Wellesley school links graffiti to Metco teen
WELLESLEY -- The threatening and apparently antiblack graffiti scrawled in a bathroom stall at Wellesley High School was the work of a black teenager enrolled in the school through the Metco desegregation program, officials said yesterday.
The graffiti, which said the school would "burn" on Oct. 15 or 17 and that "there will be no blacks," had prompted a police investigation and public concern about racism in the hallways of one of the state's top-ranked high schools. But the allegation yesterday that its author was a Metco student added a layer of mystery to the discovery and opened new questions about the intent of the message. References to Metco and to a faculty member's car were written beneath the graffiti, police said.
Police and school officials last Thursday announced that they planned to seek charges against a Wellesley High student for writing the graffiti, although they stressed that the teen had not intended to carry out his threats.
The student accused of writing the graffiti and his mother declined to be interviewed at their Boston home yesterday. The 16-year-old boy has been enrolled in Wellesley public schools through the voluntary Metropolitan Council for Educational Opportunity program since early elementary school.
Wellesley police plan to charge him with making threats and with malicious destruction of a school building in Norfolk Juvenile Court this week, Deputy Chief William Brooks said. The youth also faces a disciplinary hearing that could lead to expulsion.
The boy's lawyer, Michael Rich, said he hopes to work out a compromise with school officials to avoid criminal charges. He chalked the incident up to adolescent angst.
"The way I understand it, he is a rather confused young man and was feeling pressured and emotionally distraught, and that may have led to whatever he did or has admitted to doing," Rich said.

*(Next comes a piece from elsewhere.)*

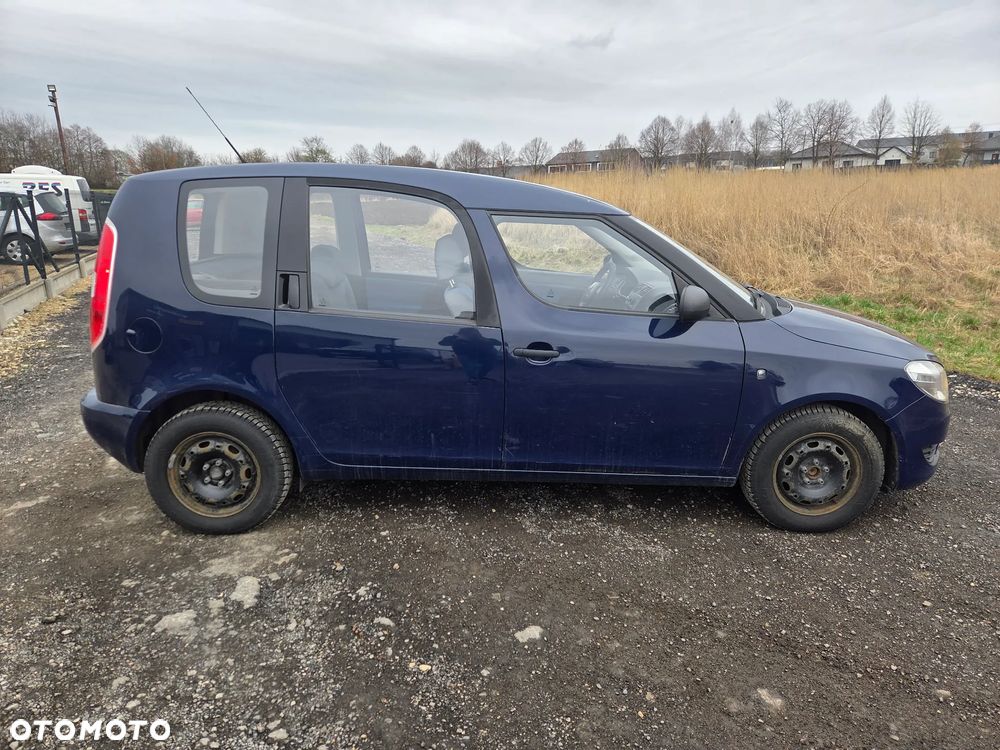 Skoda Roomster 1.2 TSI FAMILY - 4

The graffiti, discovered Oct. 7, read, "On October 15 or 17 the school will burn and there will be no blacks in our schools." Swastikas were drawn nearby. Another slur, which police and school officials quoted as "Niggers die," was on the same stall, and Brooks said police are still trying to determine who wrote that. The boy denied writing that line, police and school officials said. A handwriting expert was brought in to analyze the writing, and some Wellesley High teachers viewed the graffiti to see if they could identify the handwriting.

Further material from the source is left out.